The report details strip club visits and drinking while on the job from February 2017 through the beginning of the investigation in November 2019. Several members of the General Counsel legal staff and the Executive Director were also interviewed about the conduct of the two.
While the report is about personal peccadillos, that is not what is significant about this event.
McKenna was Deputy General Counsel in 2004 and became General Counsel in 2011 upon the retirement of Robert Fenner.
As shown in the blog below from Jim Blaine (reprinted with permission) the professional judgment of NCUA’s General Counsel has been a public topic for over five years.

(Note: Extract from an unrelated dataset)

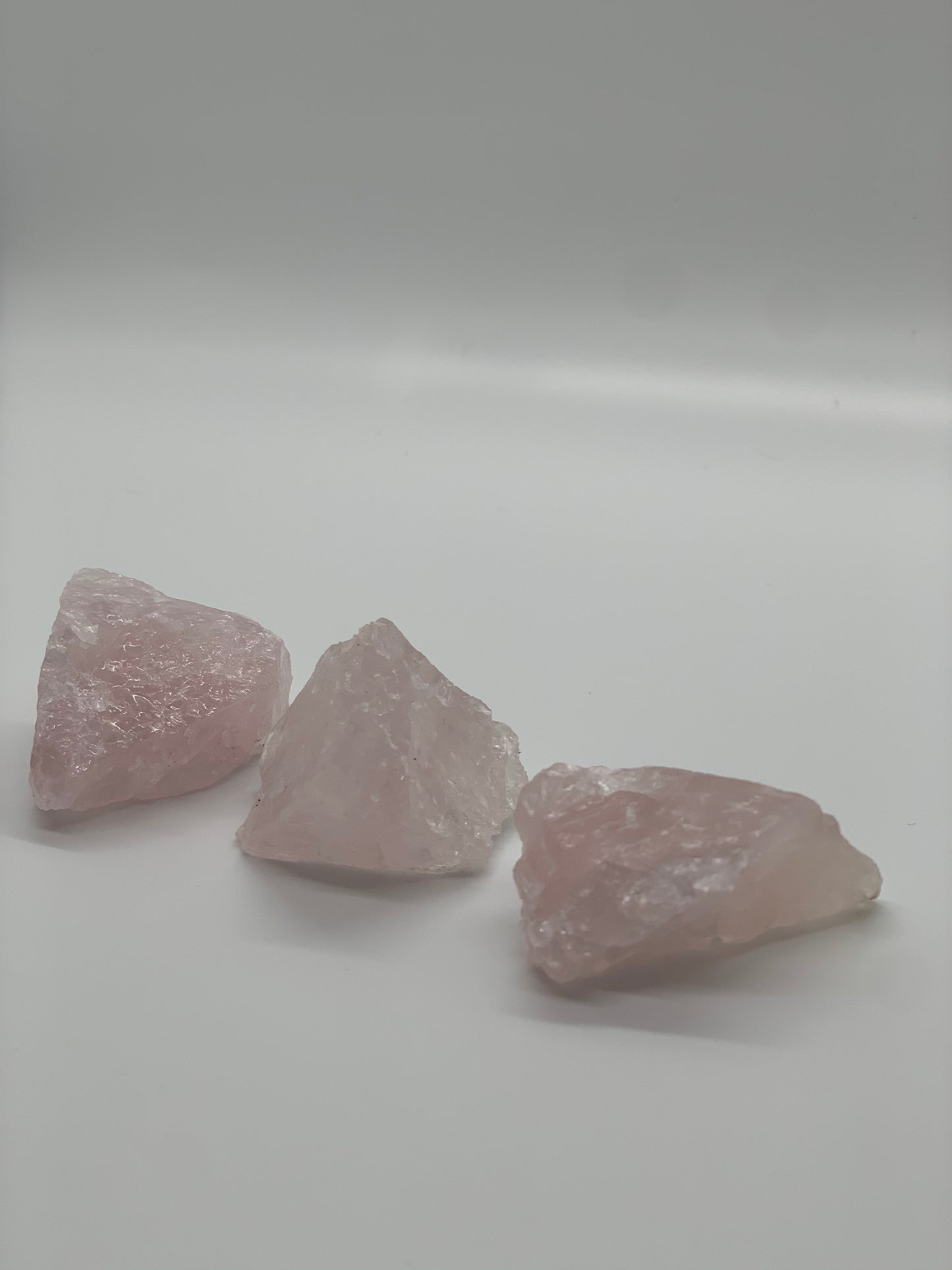 raw rose quartz chunk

GC Is Not an Independent Position
The General Counsel is a staff position providing interpretations and support for decisions taken by the line staff and the NCUA Board. Jim’s blog below is one example of the Board’s skepticism of McKenna’s counsel. But McKenna did not originate the RBC rule. Senior examination staff and the Board did.
Throughout his career his role was to defend Agency decisions that seemed contrary to common sense and the explicit language of the FCU Act. Actions included rejecting appeals from credit unions and individual members for merger misconduct, denying FOIA appeals, approving Board actions opposed by 95% of credit union commentators and providing legal cover for whatever supervisory actions the agency wanted to take.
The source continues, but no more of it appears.